Some contracts may require a non-breaching party to notify the breaching party of an alleged breach within a certain period of time after becoming aware of the breach. The intent of this requirement is to help the parties timely identify actual or potential disputes, with a view to amicable resolution.

Material breach

Some contracts permit termination only in the case of a material breach. Just what constitutes such a will often be open to dispute. The Restatement (Second) of the Law of Contracts offers suggestions about circumstances that can be “significant” in assessing materiality. In some situations, there may be little practical benefit to being able to "terminate" an agreement, even for material breach.

Termination = cancellation?

Under UCC § 2-106, termination for breach of a contract for the sale of goods is called a “cancellation.”

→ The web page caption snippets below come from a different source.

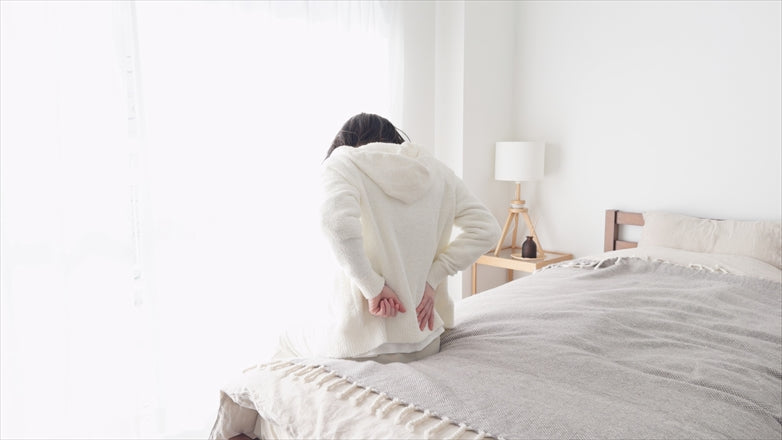 朝の腰痛がつらい人へ。低反発マットレスで悪化させない最終結論を紹介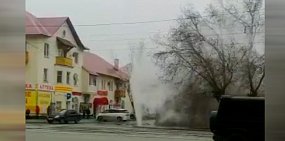 В центре Орска из-за испытаний тепловых сетей забил фонтан из горячей воды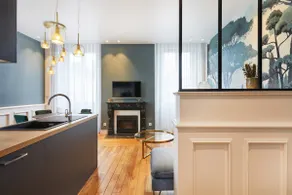 Luxurious Apartment – Parking – 2 Bedrooms – Downtown - Image 5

Cross-default termination of other transactions

UCC § 2-612(3) addresses what amounts to cross-defaults in the limited case of installment contracts

Suspension of performance for material breach

The FindLaw legal dictionary notes that “Under the Restatement (Second) of Contracts, a material breach gives rise to the right to suspend performance but not to cancel the contract until there is a total breach.” Under UCC § 2-609, either party to a contract for sale of goods has certain rights to suspend its performance (if commercially reasonable) if the party has reasonable grounds for insecurity about the other party’s performance and it makes a written demand for adequate assurance of due performance. In addition, under UCC § 703(2), a provider of goods has certain rights to suspend performance if the buyer is in breach.